*Problem description*: Beginning with the line that holds "Adjustable Double-Layer Under" and ending with the last line below, please copy every line exactly, add nothing, and leave out the pictures.

• • • •

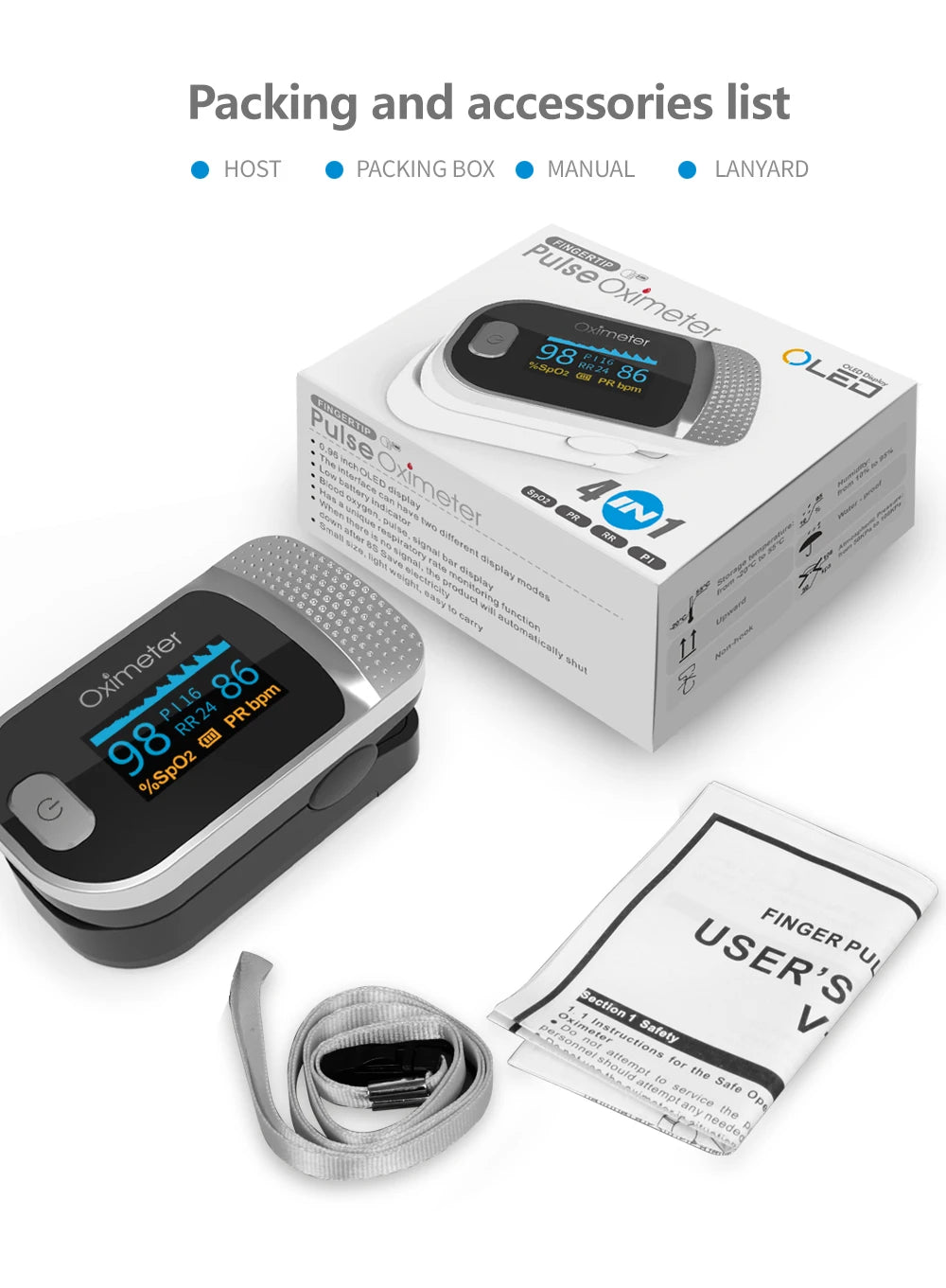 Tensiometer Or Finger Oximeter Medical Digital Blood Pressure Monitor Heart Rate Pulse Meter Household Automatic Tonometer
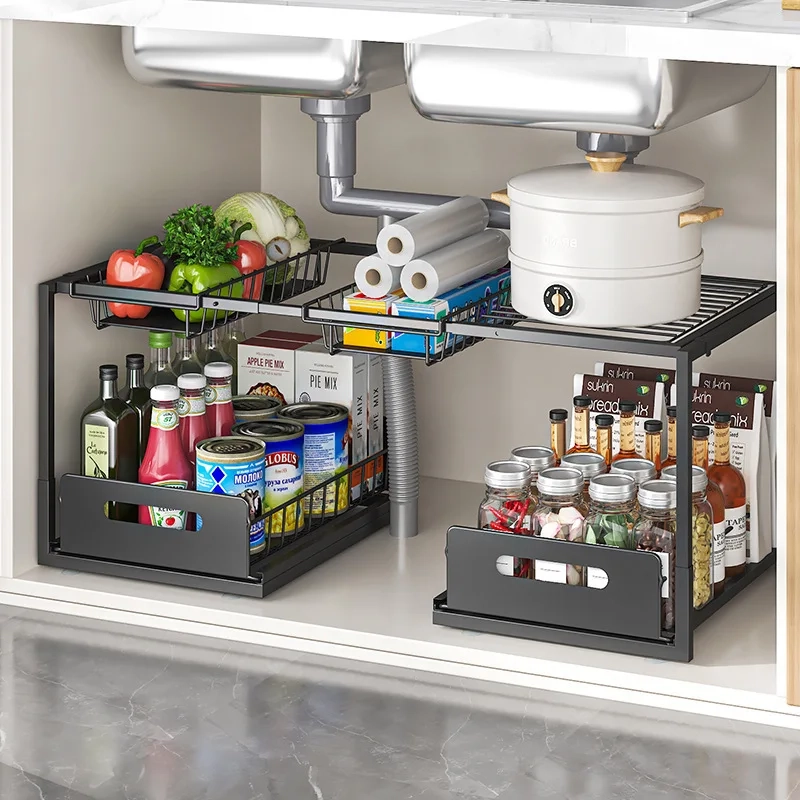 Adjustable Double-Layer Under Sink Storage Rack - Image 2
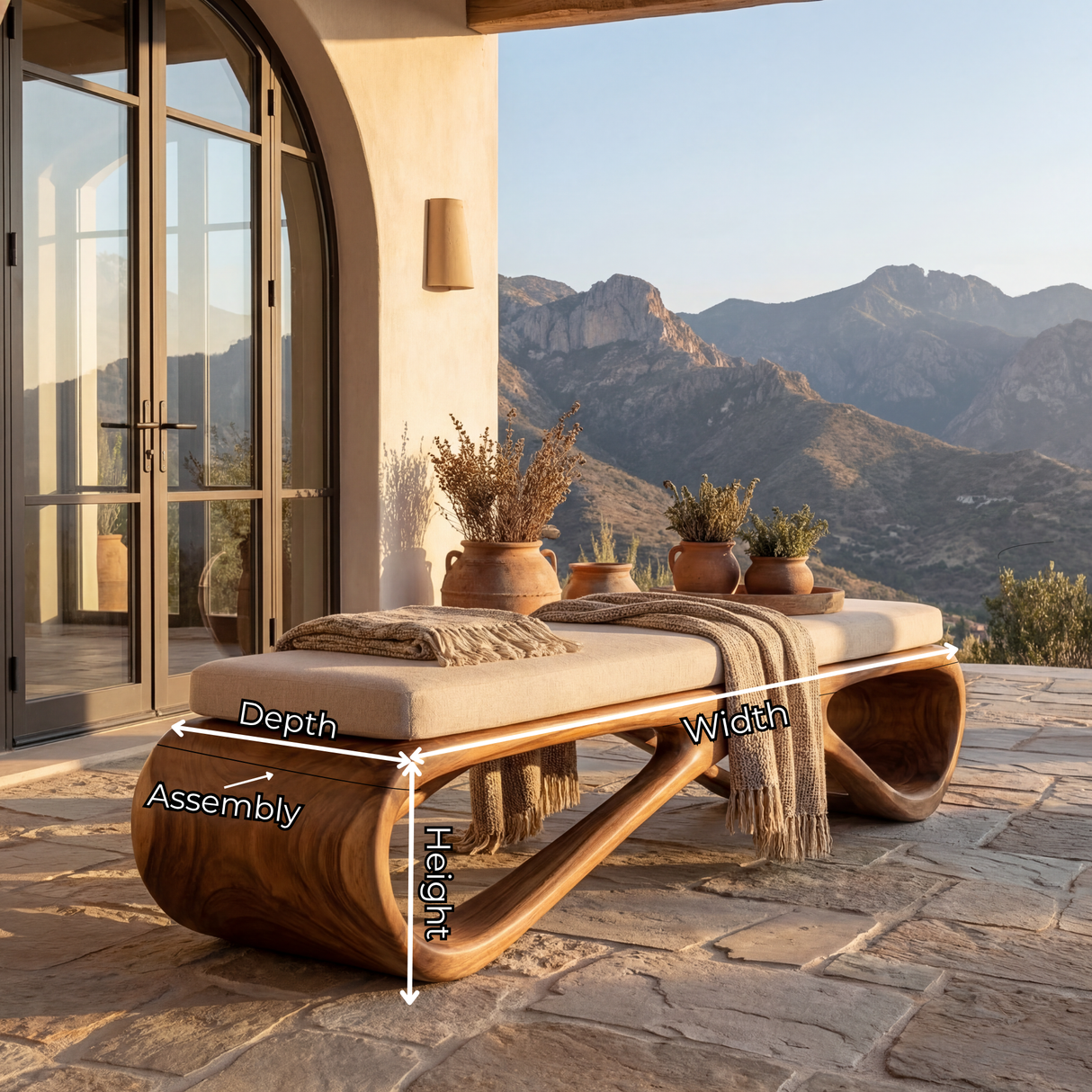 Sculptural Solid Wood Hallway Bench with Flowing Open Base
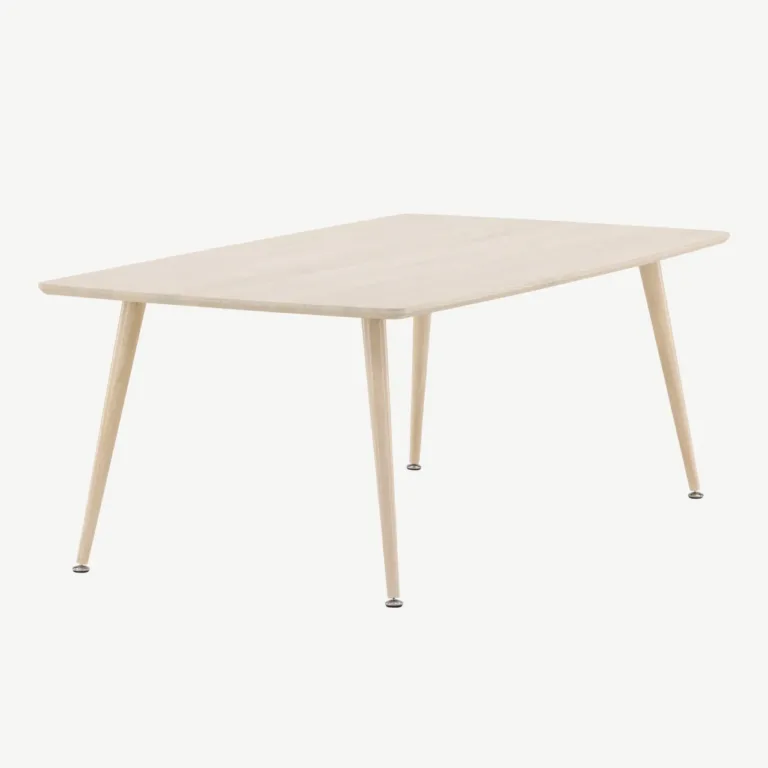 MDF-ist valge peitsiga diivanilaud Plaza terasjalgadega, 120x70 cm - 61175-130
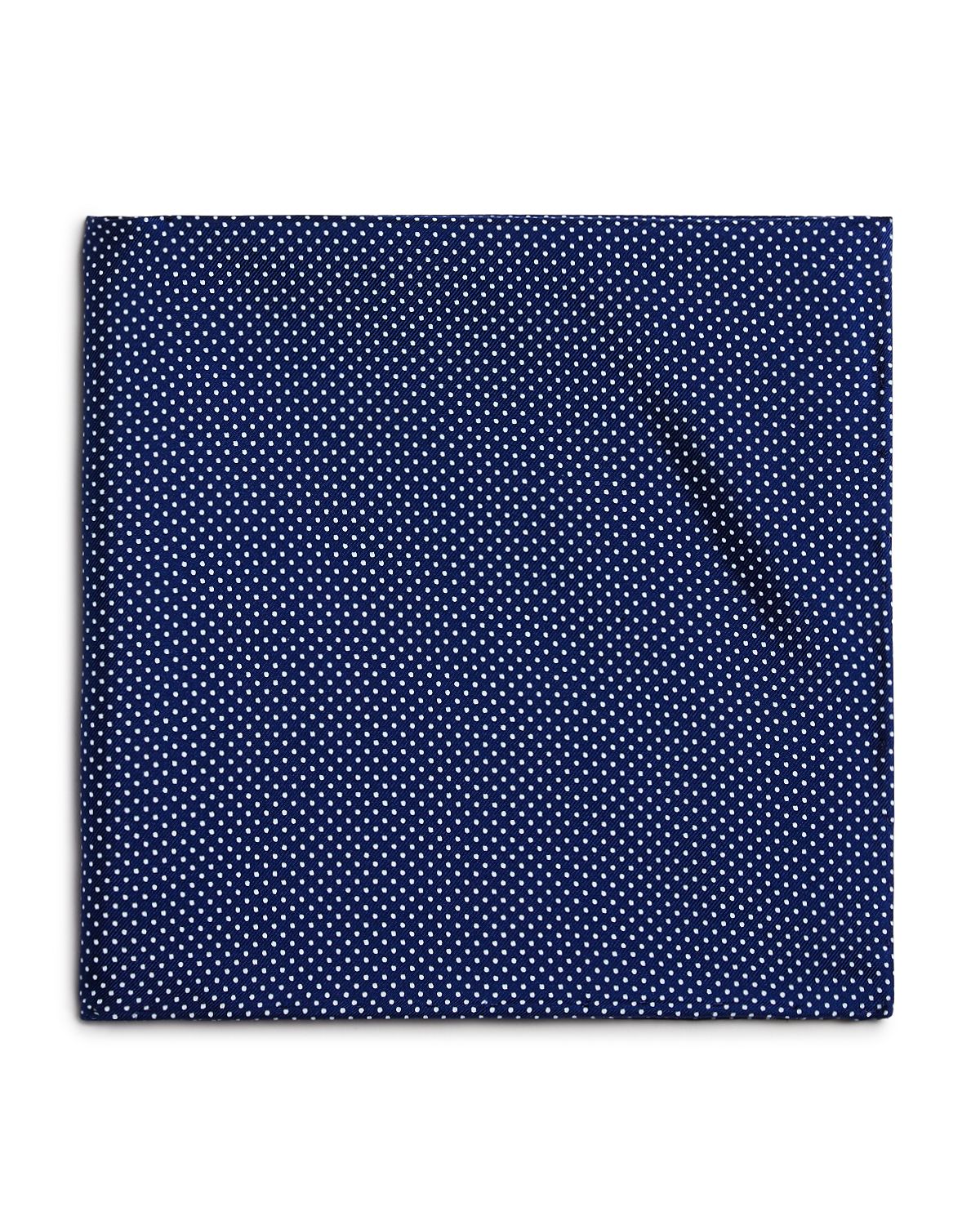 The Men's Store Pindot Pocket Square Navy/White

• • • •

*Answer box*:
 Adjustable Double-Layer Under Sink Storage Rack - Image 2
 Sculptural Solid Wood Hallway Bench with Flowing Open Base
 MDF-ist valge peitsiga diivanilaud Plaza terasjalgadega, 120x70 cm - 61175-130
 The Men's Store Pindot Pocket Square Navy/White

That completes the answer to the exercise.